EC法の採用
出典: フリー百科事典『ウィキペディア(Wikipedia)』 (2021/01/11 08:05 UTC 版)
「1972年欧州共同体法 (イギリス)」の記事における「EC法の採用」の解説
「2011年欧州連合法(英語版)」も参照 イギリスの裁判所の見解では、1972年加入条約と1972年欧州共同体法によりEU法(制定時点ではEC法、本節では「EU法」表記に統一)がイギリスの国内法に優先すると定められた。EU法の優先はEC/EUの基本条約で明示的に定められたことではなく、主に欧州司法裁判所(英語版)(ECJ)により発展した理論である。ECJは国内法がEU法に優先する場合、条約の目的が果たされなくなるとして、EU法が国内法に優先するという見解(いわゆる国際法における一元論(英語版))を示したが、イギリスなど多くの加盟国の裁判所はこの見解を受け入れていない。

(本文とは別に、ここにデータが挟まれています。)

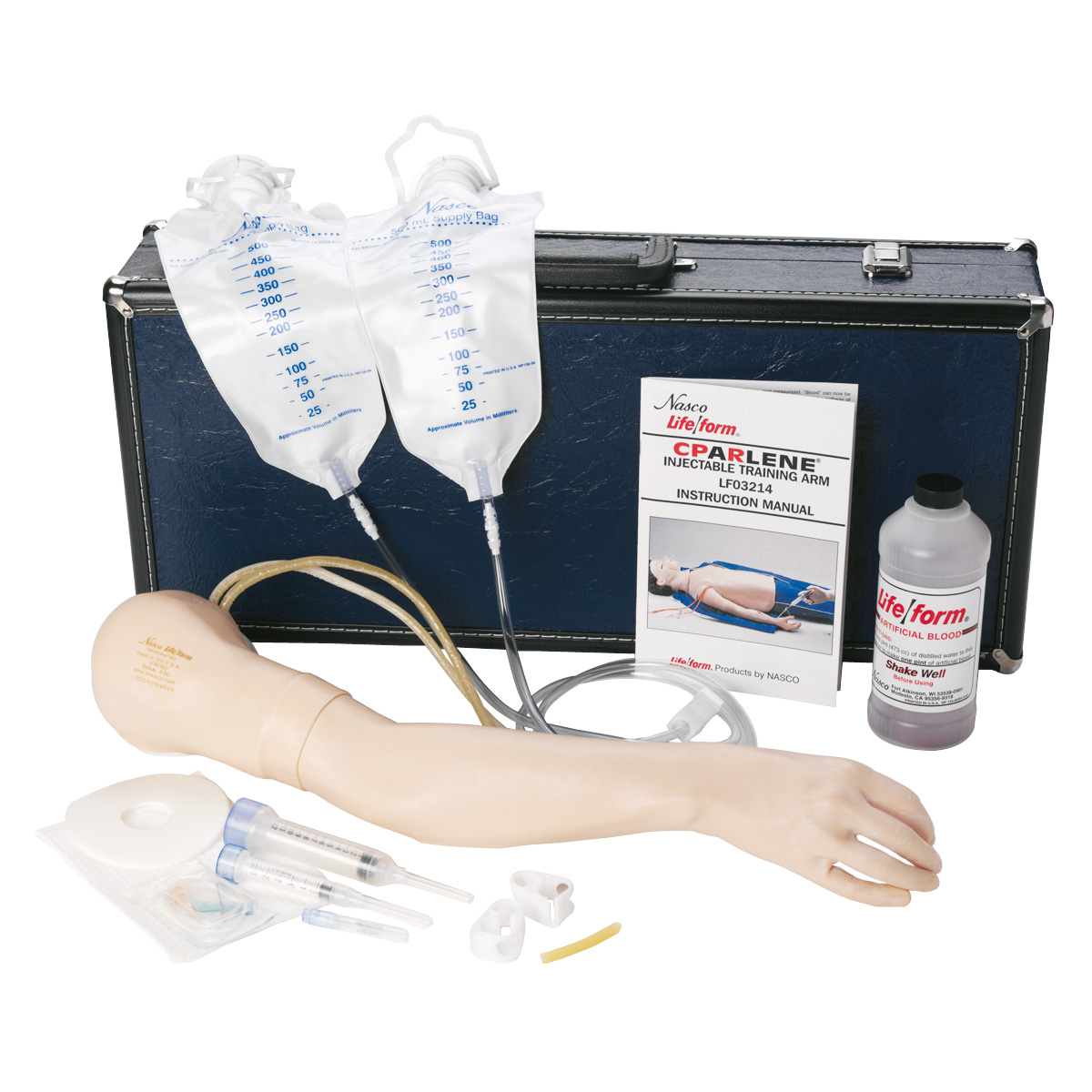 Intravenös injektionssimulator (höger arm) för patientvårdsdockorna Keri och Geri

イギリスの憲法は議会主権に基づいており、国際法と国内法の関係にあたっては二元論の立場をとっている。すなわち、他国との条約は国内の制定法を経由しなければイギリス法に組み入れられないという立場である。従って、イギリスにおけるEU法優先は1972年欧州共同体法に基づいているだけであり、同法が廃止されると、国内立法を経ていないEU法はイギリスに適用されなくなり、1972年欧州共同体法によりEC/EUの組織に委ねられた権力はイギリスの議会に返還される。これは後の2011年欧州連合法(英語版)第18条(通称「主権条項」(sovereignty clause))で改めて明示された。